Europe’s wobbly economy

February 15, 2012

Things are  looking a bit unsteady in the euro zone’s economy.  Just ask Olli Rehn, the EU’s top economic official, who warned this week of  “risky imbalances” in 12 of the European Union’s 27 members. And that’s doesn’t include Greece, which is too wobbly for words. 

Rehn is looking longer term, trying to prevent the next crisis. But the here-and-now is just as wobbly. The euro zone’s economy, which generates 16 percent of world output, shrunk at the end of 2011 and most economists expect the 17-nation currency area to wallow in recession this year and contract around 0.4 percent overall. Few would have been able to see it coming at the start of last year, when Europe’s factories were driving a recovery from the 2008-2009 Great Recession. And it shows just how poisonous the sovereign debt saga has become.

Not everyone thinks things are so shaky.  Unicredit’s chief euro zone economist, Marco Valli, is among the few who believe the euro zone will skirt a recession — defined by two consecutive quarters of contraction — in 2012. This year is “bound to witness a gradual but steady improvement in underlying growth momentum,” Valli said, saying the fourth quarter was the low point in the euro zone business cycle.

That could still happen. Business surveys support the idea that the worst is behind us, while European Central Bank President Mario Draghi agrees that last year’s collapse in confidence has now steadied, albeit at low levels. So far, the ECB has not given a strong signal on whether it will take interest rates below the 1 percent level for the first time, but the bigger risk is whether a disorderly Greek default or the threat of a severe credit freeze — which the ECB’s nearly 500 billion euros in loans has so far helped avoid —  come back to crush the green shoots of growth.
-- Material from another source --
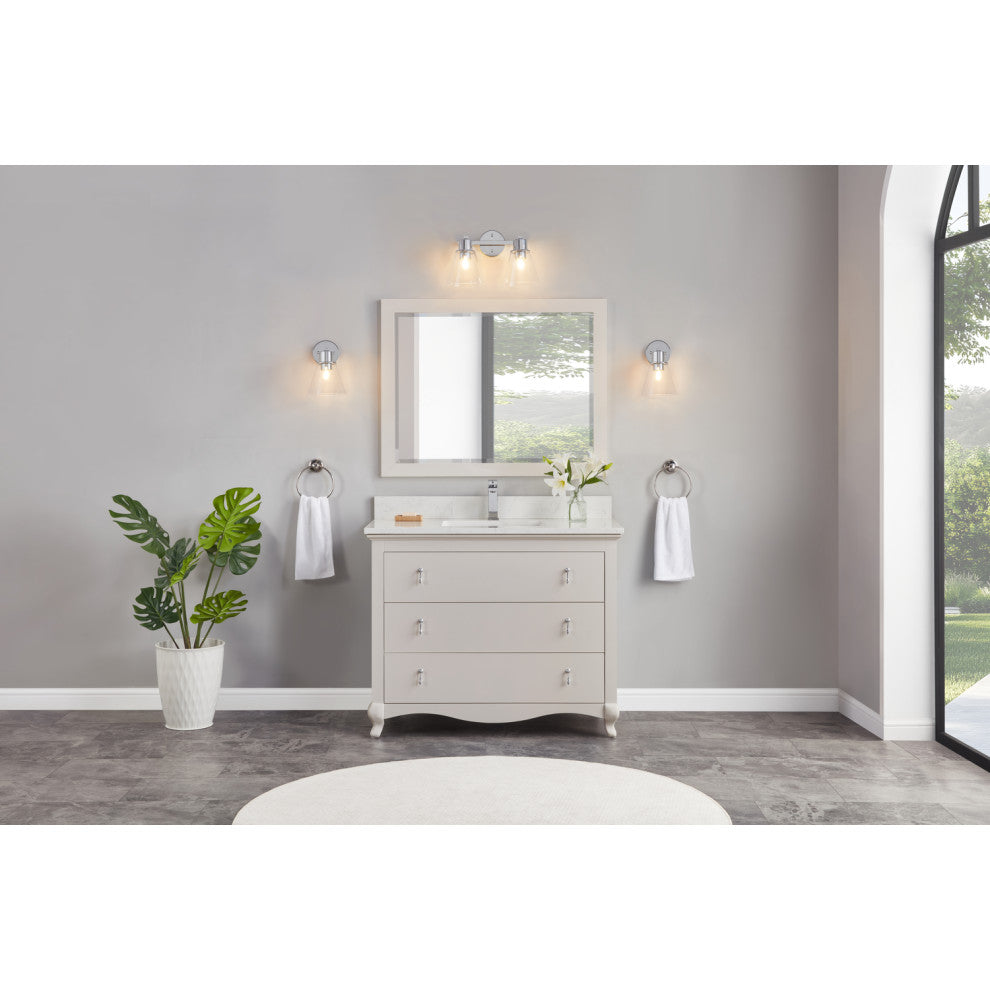 Legion Furniture WS2512 Series Bathroom Sink Vanity, Dreamy White, 42", Artificial Stone Top, Single Sink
The ECB’s latest lending survey showed for the last three months of 2011 reinforces the concerns of a credit crunch, as banks are still not passing the money on to the real economy. Thirty-five percent of banks reported they had tightened the standards they apply to loans to businesses, compared to only 16 percent in the third quarter. The ECB is set to make its second offer of three-year loans at the end of the month and that could ease credit risks, but may also discourage banks with bad loans on their books to reform.

So, in economist-speak, the risks are still on the downside and uncertainty remains high. Basically, things are still looking wobbly.